Claude-skill-registry bio-read-qc-adapter-trimming

Remove sequencing adapters from FASTQ files using Cutadapt and Trimmomatic. Supports single-end and paired-end reads, Illumina TruSeq, Nextera, and custom adapter sequences.

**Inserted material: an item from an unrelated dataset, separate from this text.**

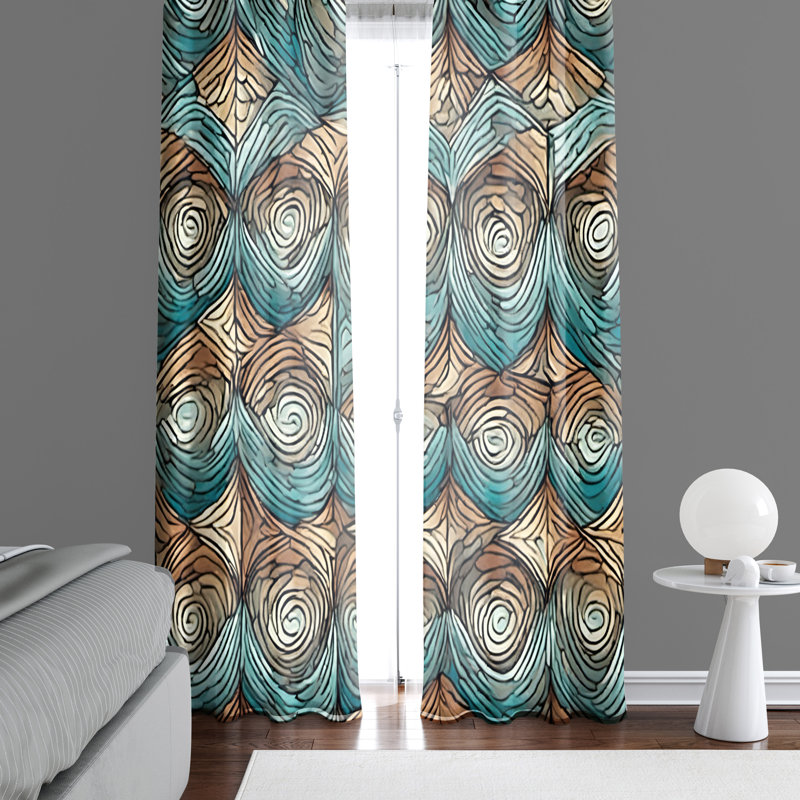 Semi Sheer Curtain Pair, 40" W x 82" L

Use when FastQC shows adapter contamination or before alignment of short reads.

install

source · Clone the upstream repo

git clone https://github.com/majiayu000/claude-skill-registry

Claude Code · Install into ~/.claude/skills/

T=$(mktemp -d) && git clone --depth=1 https://github.com/majiayu000/claude-skill-registry "$T" && mkdir -p ~/.claude/skills && cp -r "$T/skills/data/adapter-trimming" ~/.claude/skills/majiayu000-claude-skill-registry-bio-read-qc-adapter-trimming && rm -rf "$T"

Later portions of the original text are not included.